** What you will do **
When you reach the line with "Used 2021 Hyundai" in the listing below, transcribe it and each line after it up to and including the line with "Sac pochette Fendi", exactly and with nothing else.

** Material supplied **
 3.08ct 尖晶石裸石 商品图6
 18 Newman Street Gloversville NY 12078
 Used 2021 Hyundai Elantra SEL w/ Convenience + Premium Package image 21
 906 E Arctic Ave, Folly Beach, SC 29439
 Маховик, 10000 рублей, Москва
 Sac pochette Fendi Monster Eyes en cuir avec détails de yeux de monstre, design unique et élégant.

==

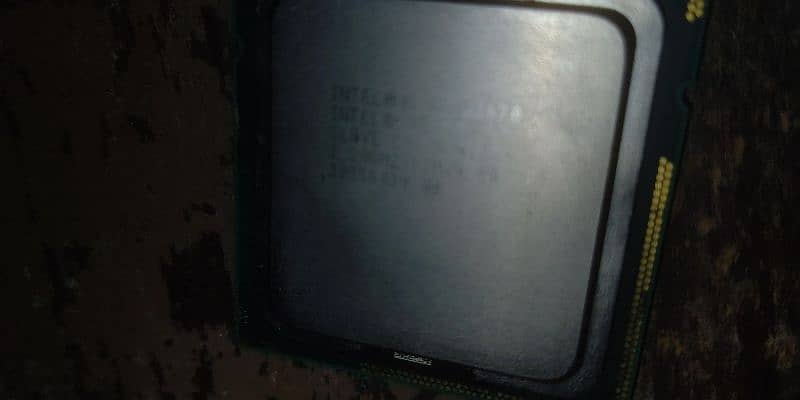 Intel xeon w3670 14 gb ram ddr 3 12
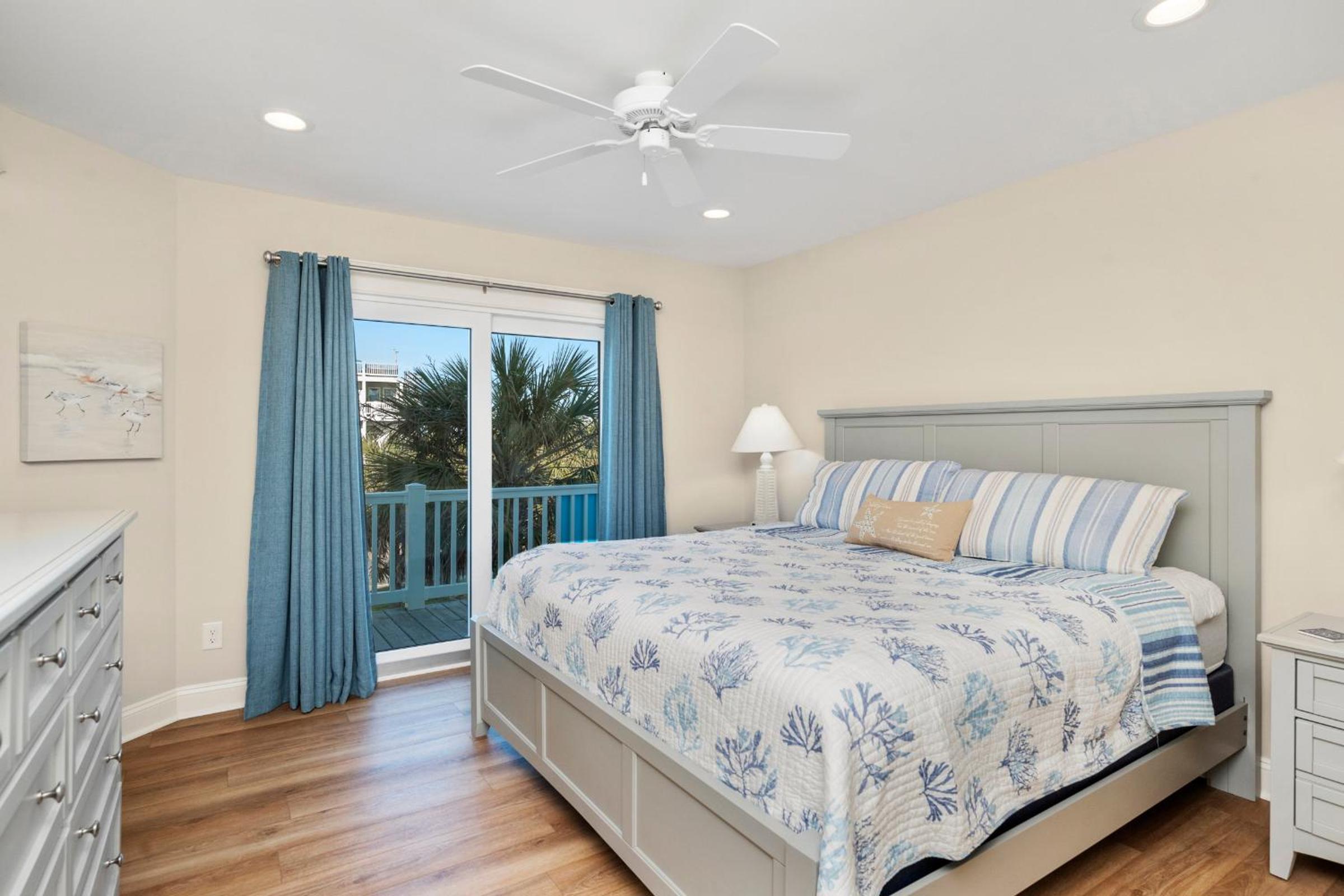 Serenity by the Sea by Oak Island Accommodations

** Answer section **
 Used 2021 Hyundai Elantra SEL w/ Convenience + Premium Package image 21
 906 E Arctic Ave, Folly Beach, SC 29439
 Маховик, 10000 рублей, Москва
 Sac pochette Fendi Monster Eyes en cuir avec détails de yeux de monstre, design unique et élégant.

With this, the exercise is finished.